After that an old man who saw me with the reeds, begged me to come see his cows and chickens, so I visited his family, played with a cow, wowed some old women with my kinyarwanda, and went home. I made some pseudo rice veggie and egg stir-fry for dinner, watched the Season 3 finale of Lost and cried a little over it, and cleaned up. Thus is a typical day in the village. It's not going to move any mountains, but I don't mind it!



JO: What do I miss the most?

Excluding the most obvious family and friends:
Target, tubs of movie theatre popcorn, Binghamton University Nature Preserve, running without being followed, talking without being self-conscious, fencing, wearing shorts without being confused for a prostitute, using a debit card, ordering pizza, eating pizza, smelling and seeing pizza. drinking water out of the tap, ice cubes, tracks, fields, not being stared at all the time, university classes, lip gloss, and shaving my legs. AND feeling human. That may sound like a grand statement, but when you're always wearing a funny suit, it's hard to remember what you were wearing before. The job is 24/7 so the suit never really comes off and you're always on stage, always on the record.

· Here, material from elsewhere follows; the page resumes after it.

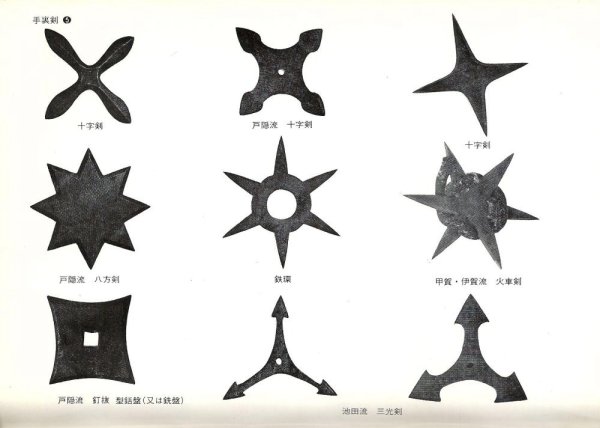 Сюрикен из Наруто размер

JO: Unexpected gains from this experience? Well, with the one-year-in-country anniversary coming up, I've made a short list of
Things I never expected to gain from this:
Honing my shakira-dancing skills [one of the few music videos I've acquired is She-Wolf]
Encouraging sanity through personal dance parties and concerts during monsoons when I can't even hear myself sing, shadow puppets when the power's out and befriending chickens.
Perpetuating my hopeless attraction to color and artistic enthralment by finding endless means of expression, whether art club, children's photo perspective, or chalk-on-mud wall-murals
A sailor's tongue
A new understanding of/ respect for my digestive system



JO:Best thing I've seen this week?
So I was walking home in the dark the other night [I was running late, don't yell at me!] and nearing the end of the paved road. From that point I can look left, and see the 60 foot twin pine trees that mark my village on the sky line, or I can look right, and see the edge of Kigali city petering off into the hills. I'm rarely down the mountain this late at night because it's still a 40 minute walk from where the sidewalk ends to get home. But looking right, I see the edge of the city, a thicket of lights all the way to my right and behind me. I pan left slowly and the lights fall into smaller groups, patterns and dimplings of stars on the mountain, evidence of the random assortment of electricity-bearing villages. I keep paning until the lights go out and the mountain fades into wilderness and I'm back on the edge of the road. I look left at my own mountain, and I see not thousands of the city, not hundreds from an up-and-coming town, but 7. Just 7 lights. And mine would soon make 8. There were a few flickering lights, dictating fires outside and it reminded me so much of the traditional practices of Halloween, of lighting a bonfire on every mountaintop, to be seen and acknowledged by other firey minds. And I was reminded of what a rare beauty this was, to see where the lights stop, to know that some places are nothing but light, but I'm luckily in this beautiful world where sharing a bonfire can still acknowledge some likeminded living, one that's simple and hopeful and modest.